NR Stores .The NR store instruction (vmovnr) is a standard vector store instruction that can always be used safely. NR存储 .NR存储指令（vmovnr）是一个标准的矢量存储指令，可以随时安全地使用。 An NR store instruction that misses in the local cache causes all potential copies of the cache line in remote caches to be invalidated, the cache line to be allocated (but not initialized) at the local cache in exclusive state, and the write-data in the instruction to be written to the cacheline. 在本地高速缓存中未命中的NR存储指令导致远程高速缓存中的高速缓存行的所有潜在副本无效，高速缓存行将在独占状态的本地高速缓存中分配（但未初始化），并且写入数据在要写入高速缓存行的指令。 There is no data transfer from main memory which is what saves memory bandwidth. 没有来自主存储器的数据传输，这节省了存储器带宽。 An NR store instruction and other load and/or store instructions from the same thread are globally ordered, which means that all observers of this sequence of instructions always see the same fixed execution order. 来自同一线程的NR存储指令和其他加载和/或存储指令是全局排序的，这意味着该指令序列的所有观察者总是看到相同的固定执行顺序。

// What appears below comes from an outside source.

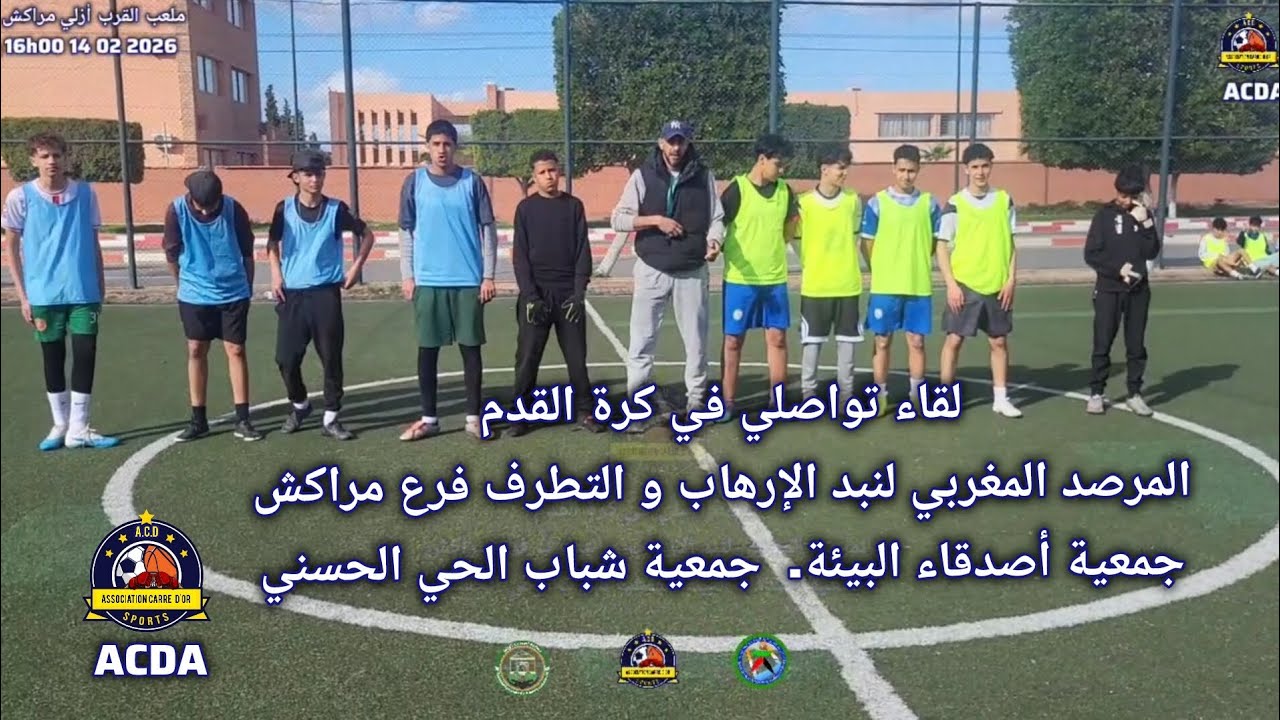 لقاء تواصلي في كرة القدم  المرصد المغربي لنبد الإرهاب و التطرف فرع مراكش  جمعية أصدقاء البيئة...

The NR.NGO (non-globally ordered) store instruction(vmovnrngo) relaxes the global ordering constraint of the NR store instruction.This relaxation makes the NR.NGO instruction have a lower latency than the NRinstruction, which can be used to achieve higher performance in streaming storeintensive applications. NR.NGO （非全局排序）存储指令（vmovnrngo）放宽了NR存储指令的全局排序约束。这种放宽使NR.NGO指令具有比NR指令更低的延迟，这可用于实现更高的性能在流式商店密集型应用程序中。 However, removing this restriction means that an NR.NGO store instruction and other load and/or store instructions from the same thread can be observed by two observers to have two different orderings. 但是，删除此限制意味着两个观察者可以观察到来自同一线程的NR.NGO存储指令和其他加载和/或存储指令，以具有两个不同的顺序。 The use of NR.NGO store instructions is safe only when reordering the order of these instructions is verified not to change the outcome. 只有在重新排序这些指令的顺序被验证不改变结果时，NR.NGO存储指令的使用才是安全的。 Otherwise, using NR.NGO stores may lead to incorrect execution. 否则，使用NR.NGO存储可能会导致执行错误。 Our compiler can generate NR.NGO store instructions for store instructions that it identifies to have non-temporal behavior. 我们的编译器可以为存储指令生成NR.NGO存储指令，它指出它具有非时间行为。 For instance, a parallel loop that is detected to be non-temporal by our compiler can make use of NR.NGO instructions. 例如，我们的编译器检测到非时间的并行循环可以使用NR.NGO指令。 At the end of such a loop, to ensure all outstanding non-globally ordered stores are completed and all threads have a consistent view of memory, our compiler generates a fence (a lock instruction) after the loop. 在这样的循环结束时，为了确保完成所有未完成的非全局排序存储并且所有线程都具有一致的内存视图，我们的编译器在循环之后生成一个fence（锁定指令）。 This fence is needed before continuing execution of the subsequent code fragment to ensure all threads have exactly the same view of memory. 在继续执行后续代码片段之前需要此fence，以确保所有线程具有完全相同的内存视图。

A general rule of thumb is that non-temporal store benefit memory access blocks that are not reused in the immediate future. 一般的经验法则是非临时存储有益于在不久的将来不会重用的内存访问块。 So that yes reuse will be expensive in both cases. 因此，在两种情况下重复使用都会很昂贵。